Sometemos a los pies a largas caminatas encaramados a unos tacones, nos empeñamos en encerrarlos la mayoría de las veces en calzados inadecuados, son capaces de soportar el peso de nuestro cuerpo desde que nos levantamos hasta que nos acostamos... Los pies son los grandes sufridores y olvidados de nuestra anatomía a pesar de que deben soportar a diario nuestro peso corporal

Este problema afecta tanto a hombres como a mujeres. Siete de cada diez españoles padecen algún tipo de patología relacionada con esta parte del cuerpo. Son patologías frecuentes y molestas, que deben ser tratadas por el especialista, el podólogo, e incluso un tratamiento multidisciplinar con otros profesionales de la salud.
Después de todo el invierno resguardados con medias, calcetines y zapatos cerrados. El verano es una época muy delicada para los pies, ya que tienen una mayor propensión a padecer determinadas molestias o enfermedades como hongos, pies de atleta, verrugas (papailomas) plantares, sudoración excesiva, rozaduras o ampollas, durezas y callos, y una eterna sensación de cansancio o dolor.
Todas estas afecciones deben ser tratadas por el especialista, el podólogo para elegir el tratamiento adecuado, ya que productos que se pueden encontrar en el mercado, como callicidas o plantillas inadecuadas, pueden llegar a ser realmente perjudiciales para la salud del pie.
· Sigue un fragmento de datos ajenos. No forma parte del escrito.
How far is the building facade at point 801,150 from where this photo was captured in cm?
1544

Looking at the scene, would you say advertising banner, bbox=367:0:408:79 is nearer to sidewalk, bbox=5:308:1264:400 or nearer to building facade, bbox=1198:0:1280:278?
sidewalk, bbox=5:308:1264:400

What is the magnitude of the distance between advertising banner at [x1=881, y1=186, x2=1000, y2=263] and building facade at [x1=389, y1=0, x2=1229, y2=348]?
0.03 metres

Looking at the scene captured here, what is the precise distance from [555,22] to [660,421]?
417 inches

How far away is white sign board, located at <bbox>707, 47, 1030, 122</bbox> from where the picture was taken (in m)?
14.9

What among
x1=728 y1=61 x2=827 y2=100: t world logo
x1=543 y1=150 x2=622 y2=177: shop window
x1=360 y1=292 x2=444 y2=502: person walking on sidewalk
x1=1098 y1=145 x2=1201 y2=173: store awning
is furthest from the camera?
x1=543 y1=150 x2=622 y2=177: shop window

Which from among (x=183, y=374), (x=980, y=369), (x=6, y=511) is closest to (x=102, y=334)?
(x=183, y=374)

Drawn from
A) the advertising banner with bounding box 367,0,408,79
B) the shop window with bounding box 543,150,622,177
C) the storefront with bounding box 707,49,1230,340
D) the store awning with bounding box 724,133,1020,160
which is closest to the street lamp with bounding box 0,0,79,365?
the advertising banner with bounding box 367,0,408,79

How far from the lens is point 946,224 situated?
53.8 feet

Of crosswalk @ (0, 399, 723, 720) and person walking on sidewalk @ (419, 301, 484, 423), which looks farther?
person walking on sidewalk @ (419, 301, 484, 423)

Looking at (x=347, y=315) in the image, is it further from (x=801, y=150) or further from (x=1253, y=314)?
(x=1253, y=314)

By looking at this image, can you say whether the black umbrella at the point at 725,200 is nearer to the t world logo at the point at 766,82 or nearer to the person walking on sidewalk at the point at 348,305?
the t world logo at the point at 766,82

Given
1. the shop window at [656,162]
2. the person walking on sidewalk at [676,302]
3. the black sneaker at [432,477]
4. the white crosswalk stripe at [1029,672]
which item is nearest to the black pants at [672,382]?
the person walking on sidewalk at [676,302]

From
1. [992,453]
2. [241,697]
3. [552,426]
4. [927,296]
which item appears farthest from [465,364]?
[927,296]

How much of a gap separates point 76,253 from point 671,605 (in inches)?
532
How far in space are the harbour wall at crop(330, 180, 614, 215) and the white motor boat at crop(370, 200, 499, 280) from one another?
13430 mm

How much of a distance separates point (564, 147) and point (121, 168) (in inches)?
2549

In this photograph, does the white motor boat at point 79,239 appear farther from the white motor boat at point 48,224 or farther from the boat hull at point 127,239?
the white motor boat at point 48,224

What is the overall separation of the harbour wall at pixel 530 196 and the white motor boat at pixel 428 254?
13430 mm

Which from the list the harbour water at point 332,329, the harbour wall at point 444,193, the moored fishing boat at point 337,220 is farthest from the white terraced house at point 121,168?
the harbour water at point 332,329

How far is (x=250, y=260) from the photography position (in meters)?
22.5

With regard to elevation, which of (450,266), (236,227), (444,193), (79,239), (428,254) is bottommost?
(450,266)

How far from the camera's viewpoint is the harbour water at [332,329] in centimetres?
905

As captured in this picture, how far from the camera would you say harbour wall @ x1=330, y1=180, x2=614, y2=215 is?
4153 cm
Consejos básicos para el cuidado en verano:

- Las sandalias, pueden resecar mucho los pies y esto puede llevar a la aparición de grietas. Para ello se recomienda una hidratación diaria con crema con urea, evitando los espacios interdigitales. También debemos evitar las rozaduras o ampollas las cuales se pueden infectar. En el caso de sufrirlas, protegerlas con apósitos hidrocoloides y regeneradores de la piel.
- El corte de las uñas debe de ser en línea recta y en cuadrado. No hay que cortar demasiado los extremos, ya que al crecer pueden clavarse en la piel del dedo, y puede llegar a ser doloroso.
- Es necesario ir bien calzados en zonas de piscinas o duchas públicas, para evitar contagios, como hongos o papilomas. Hay que revisar los pies sobre todo en los espacios interdigitales, los cuales hay que secar exhaustivamente siempre por contacto y no por fricción, para evitar hacerse heridas.
- Hay que evitar la sudoración excesiva, para ellos se debe utilizar un calzado con un material transpirable y utilizar polvos astringentes o absorbentes especiales tanto en el pie como en el calzado.
- Cuando existe un dolor continuado de los pies, puede ser debido a la sobrecarga de algunas zonas, provocadas por nuestra forma de andar o una mala postura. Esta sobrecarga puede producir la aparición de durezas y callos, los cuales deben ser tratadas por el podólogo, donde se realizará un estudio de su marcha y pisada, para encontrar el tratamiento adecuado para evitar esas molestias.
- Cuando se tome el sol, no hay que olvidar ponerse el bronceador también en toda la superficie del pie, plantas incluidas. Muchas veces se queman porque nos olvidamos de que los pies están tan expuestos como el resto de nuestro cuerpo.